In order to improve the detection accuracy of an algorithm in the complex environment of a coal mine, including low illumination, motion blur, occlusions, small targets, and background interference; reduce the number of model parameters; improve the detection speed of the algorithm; and cause it to meet the needs of the real-time detection of edge equipment, our research was conducted from two angles: motion-blur image processing and the improved detection algorithm. The blur value of the image was calculated by the Laplace operator to accurately judge whether the image needed to be deblurred or not, and the blurred image was deblurred using DeblurGANv2. With YOLOv4 as the infrastructure, we made the following improvements: (1) replaced the original CSPDarknet53 network with the lightweight feature extraction network MobileNetv2; (2) embedded the SA attention module in the Neck network; (3) used the K-means++ algorithm to cluster the prior frames, and introduced the focal loss function to replace the cross-entropy loss function. The experimental results show that the deblurring of the motion-blurred image can effectively improve the detection accuracy of obstacles and reduce the number of missed detections. Compared with other commonly used models, the improved YOLOv4 algorithm has better results and can ensure the high-accuracy detection and speed of the model simultaneously.

In this paper, experiments were conducted on our datasets, and the algorithm presented some limitations.

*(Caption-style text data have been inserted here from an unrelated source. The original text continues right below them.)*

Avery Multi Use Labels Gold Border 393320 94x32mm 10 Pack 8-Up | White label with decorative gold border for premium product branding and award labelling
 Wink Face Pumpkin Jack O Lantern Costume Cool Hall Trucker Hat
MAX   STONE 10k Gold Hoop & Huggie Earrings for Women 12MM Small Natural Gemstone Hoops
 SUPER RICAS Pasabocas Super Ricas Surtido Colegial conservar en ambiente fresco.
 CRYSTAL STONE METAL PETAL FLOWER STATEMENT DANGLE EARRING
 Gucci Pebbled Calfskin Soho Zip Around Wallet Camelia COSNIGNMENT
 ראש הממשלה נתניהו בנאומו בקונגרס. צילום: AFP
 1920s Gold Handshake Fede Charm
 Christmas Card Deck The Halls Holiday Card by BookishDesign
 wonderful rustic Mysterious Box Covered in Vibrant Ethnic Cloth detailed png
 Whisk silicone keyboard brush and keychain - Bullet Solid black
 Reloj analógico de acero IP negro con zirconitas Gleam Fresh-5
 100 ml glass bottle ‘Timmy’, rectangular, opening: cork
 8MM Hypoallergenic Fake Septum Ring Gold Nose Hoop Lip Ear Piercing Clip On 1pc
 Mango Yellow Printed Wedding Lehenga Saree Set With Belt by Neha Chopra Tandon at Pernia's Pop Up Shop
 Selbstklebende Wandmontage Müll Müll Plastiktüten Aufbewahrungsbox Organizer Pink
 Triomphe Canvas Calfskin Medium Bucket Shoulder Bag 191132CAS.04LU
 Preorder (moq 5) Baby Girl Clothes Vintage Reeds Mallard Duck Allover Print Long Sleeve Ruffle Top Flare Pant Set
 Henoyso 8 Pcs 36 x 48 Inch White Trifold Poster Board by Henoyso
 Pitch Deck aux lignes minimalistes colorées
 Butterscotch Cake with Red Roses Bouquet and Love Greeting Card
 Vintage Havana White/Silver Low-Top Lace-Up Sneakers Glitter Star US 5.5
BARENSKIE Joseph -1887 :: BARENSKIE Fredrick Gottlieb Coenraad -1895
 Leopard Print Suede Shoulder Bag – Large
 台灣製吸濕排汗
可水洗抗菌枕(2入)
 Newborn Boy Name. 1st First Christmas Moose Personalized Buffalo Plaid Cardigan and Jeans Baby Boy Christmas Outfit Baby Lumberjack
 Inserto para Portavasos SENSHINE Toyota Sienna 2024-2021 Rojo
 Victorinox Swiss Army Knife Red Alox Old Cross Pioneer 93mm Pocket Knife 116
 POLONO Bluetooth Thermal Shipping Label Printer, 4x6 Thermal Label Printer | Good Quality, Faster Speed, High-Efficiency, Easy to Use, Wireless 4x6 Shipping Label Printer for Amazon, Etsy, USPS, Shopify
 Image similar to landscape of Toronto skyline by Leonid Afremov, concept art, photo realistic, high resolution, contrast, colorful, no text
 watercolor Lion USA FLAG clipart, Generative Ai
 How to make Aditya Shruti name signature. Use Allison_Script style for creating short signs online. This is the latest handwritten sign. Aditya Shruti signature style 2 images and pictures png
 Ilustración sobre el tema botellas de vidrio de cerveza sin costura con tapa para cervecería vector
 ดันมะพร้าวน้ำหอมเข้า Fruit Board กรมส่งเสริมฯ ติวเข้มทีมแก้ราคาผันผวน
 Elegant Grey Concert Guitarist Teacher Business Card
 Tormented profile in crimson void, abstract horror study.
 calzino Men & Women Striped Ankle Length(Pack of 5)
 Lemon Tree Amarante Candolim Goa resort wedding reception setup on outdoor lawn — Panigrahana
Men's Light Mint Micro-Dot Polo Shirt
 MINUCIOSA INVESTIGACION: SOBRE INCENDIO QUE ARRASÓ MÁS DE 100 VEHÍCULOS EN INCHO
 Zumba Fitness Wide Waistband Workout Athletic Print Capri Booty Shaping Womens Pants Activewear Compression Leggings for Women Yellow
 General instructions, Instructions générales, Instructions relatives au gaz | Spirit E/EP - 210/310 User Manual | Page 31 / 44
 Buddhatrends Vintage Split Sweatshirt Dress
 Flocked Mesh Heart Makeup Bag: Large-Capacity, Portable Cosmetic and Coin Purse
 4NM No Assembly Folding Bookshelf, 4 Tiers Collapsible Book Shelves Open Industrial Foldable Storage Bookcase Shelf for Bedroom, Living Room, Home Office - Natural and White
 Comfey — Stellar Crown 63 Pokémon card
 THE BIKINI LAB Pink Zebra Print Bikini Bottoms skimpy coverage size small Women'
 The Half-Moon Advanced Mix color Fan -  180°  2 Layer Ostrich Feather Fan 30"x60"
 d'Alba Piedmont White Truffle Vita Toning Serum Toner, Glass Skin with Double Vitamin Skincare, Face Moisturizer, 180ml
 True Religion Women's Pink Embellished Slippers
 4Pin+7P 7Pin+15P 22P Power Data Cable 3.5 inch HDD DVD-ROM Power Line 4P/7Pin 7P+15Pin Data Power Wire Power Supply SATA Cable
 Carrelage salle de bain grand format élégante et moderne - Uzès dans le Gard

The subsequent step is to increase the diversity and complexity of the data and further improve the network structure to improve the target detection accuracy under complex working conditions.

The development of multi-sensor information fusion technology will be the focus of future research. This paper mainly studied the perception algorithm based on visual information, and the collection of the visual information was affected by shooting angles for the videos, a low-illumination environment, obstacle occlusions, rapid movements, and so on. Multi-sensor information fusion can make up for the shortcomings of a single sensor and realize the complementary advantages of multi-source information. At present, the domestic research concerning this technology is still in the initial stage, and the data fusion method and implementation of the fusion system are key issues for the research conducted in the future.